- Interactive map of Harriet Tubman Park
- Type: Urban park
- Location: Boston, Massachusetts
- Coordinates: 42°20′36″N 71°04′40″W﻿ / ﻿42.34346°N 71.07790°W
- Area: 0.20 acres (0.081 ha)
- Status: Open all year

= Harriet Tubman Park =

Park in Boston, Massachusetts

Harriet Tubman Park, also known as Harriet Tubman Square, is located in the South End neighborhood of Boston, Massachusetts. It honors the life of abolitionist Harriet Tubman.
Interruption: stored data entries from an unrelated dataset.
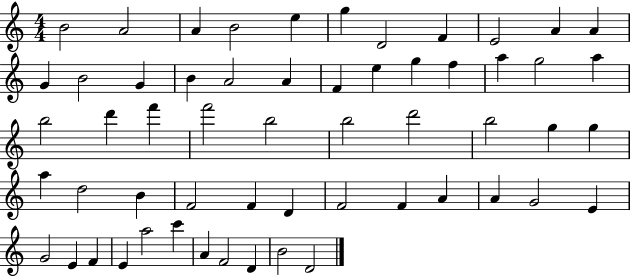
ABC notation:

X:1
T:Untitled
M:4/4
L:1/4
K:C
B2 A2 A B2 e g D2 F E2 A A G B2 G B A2 A F e g f a g2 a b2 d' f' f'2 b2 b2 d'2 b2 g g a d2 B F2 F D F2 F A A G2 E G2 E F E a2 c' A F2 D B2 D2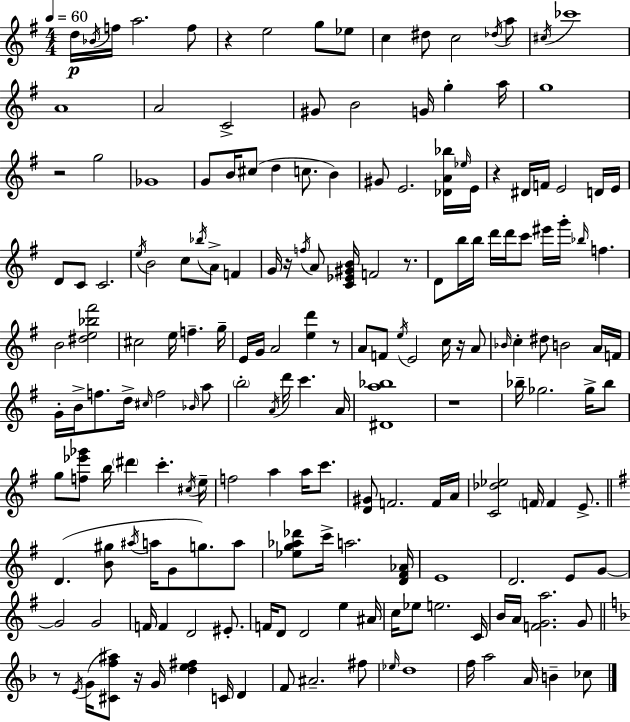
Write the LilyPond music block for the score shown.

{
  \clef treble
  \numericTimeSignature
  \time 4/4
  \key e \minor
  \tempo 4 = 60
  d''16\p \acciaccatura { bes'16 } f''16 a''2. f''8 | r4 e''2 g''8 ees''8 | c''4 dis''8 c''2 \acciaccatura { des''16 } | a''8 \acciaccatura { cis''16 } ces'''1 | \break a'1 | a'2 c'2-> | gis'8 b'2 g'16 g''4-. | a''16 g''1 | \break r2 g''2 | ges'1 | g'8 b'16 cis''8( d''4 c''8. b'4) | gis'8 e'2. | \break <des' a' bes''>16 \grace { ees''16 } e'16 r4 dis'16 f'16 e'2 | d'16 e'16 d'8 c'8 c'2. | \acciaccatura { e''16 } b'2 c''8 \acciaccatura { bes''16 } | a'8-> f'4 g'16 r16 \acciaccatura { f''16 } a'8 <c' ees' gis' b'>16 f'2 | \break r8. d'8 b''16 b''16 d'''16 d'''16 c'''8 eis'''16 | g'''16-. \grace { bes''16 } f''4. b'2 | <dis'' e'' bes'' fis'''>2 cis''2 | e''16 f''4.-- g''16-- e'16 g'16 a'2 | \break <e'' d'''>4 r8 a'8 f'8 \acciaccatura { e''16 } e'2 | c''16 r16 a'8 \grace { bes'16 } c''4-. dis''8 | b'2 a'16 f'16 g'16-. b'16-> f''8. d''16-> | \grace { cis''16 } f''2 \grace { bes'16 } a''8 \parenthesize b''2-. | \break \acciaccatura { a'16 } d'''16 c'''4. a'16 <dis' a'' bes''>1 | r1 | bes''16-- ges''2. | ges''16-> bes''8 g''8 <f'' ees''' ges'''>8 | \break b''16 \parenthesize dis'''4 c'''4.-. \acciaccatura { cis''16 } e''16-- f''2 | a''4 a''16 c'''8. <d' gis'>8 | f'2. f'16 a'16 <c' des'' ees''>2 | \parenthesize f'16 f'4 e'8.-> \bar "||" \break \key g \major d'4.( <b' gis''>8 \acciaccatura { ais''16 } a''16 g'8 g''8.) a''8 | <ees'' g'' aes'' des'''>8 c'''16-> a''2. | <d' fis' aes'>16 e'1 | d'2. e'8 g'8~~ | \break g'2 g'2 | f'16 f'4 d'2 eis'8.-. | f'16 d'8 d'2 e''4 | ais'16 c''16 ees''8 e''2. | \break c'16 b'16 a'16 <f' g' a''>2. g'8 | \bar "||" \break \key d \minor r8 \acciaccatura { e'16 }( g'16 <cis' f'' ais''>8) r16 g'16 <d'' e'' fis''>4 c'16 d'4 | f'8 ais'2.-- fis''8 | \grace { ees''16 } d''1 | f''16 a''2 a'16 b'4-- | \break ces''8 \bar "|."
}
The park is located on a triangular traffic island previously known as Columbus Square, which was developed by the Boston Parks and Recreation Department with funding from the Browne Fund, the Henderson Foundation and the New England Arts Foundation.

The park's brick paving is inlaid with decorative bronze pavers which depict aspects of the story of the Underground Railroad. Located in the park are two sculptures: the Harriet Tubman Memorial, created by Fern Cunningham, and Emancipation, sculpted by Meta Vaux Warrick Fuller on the fiftieth anniversary of Lincoln's Emancipation Proclamation.

The park was designed by CBA Landscape Architects and won a Boston Society of Landscape Architects Merit Award for Design. It is a stop on the Boston Women's Heritage Trail.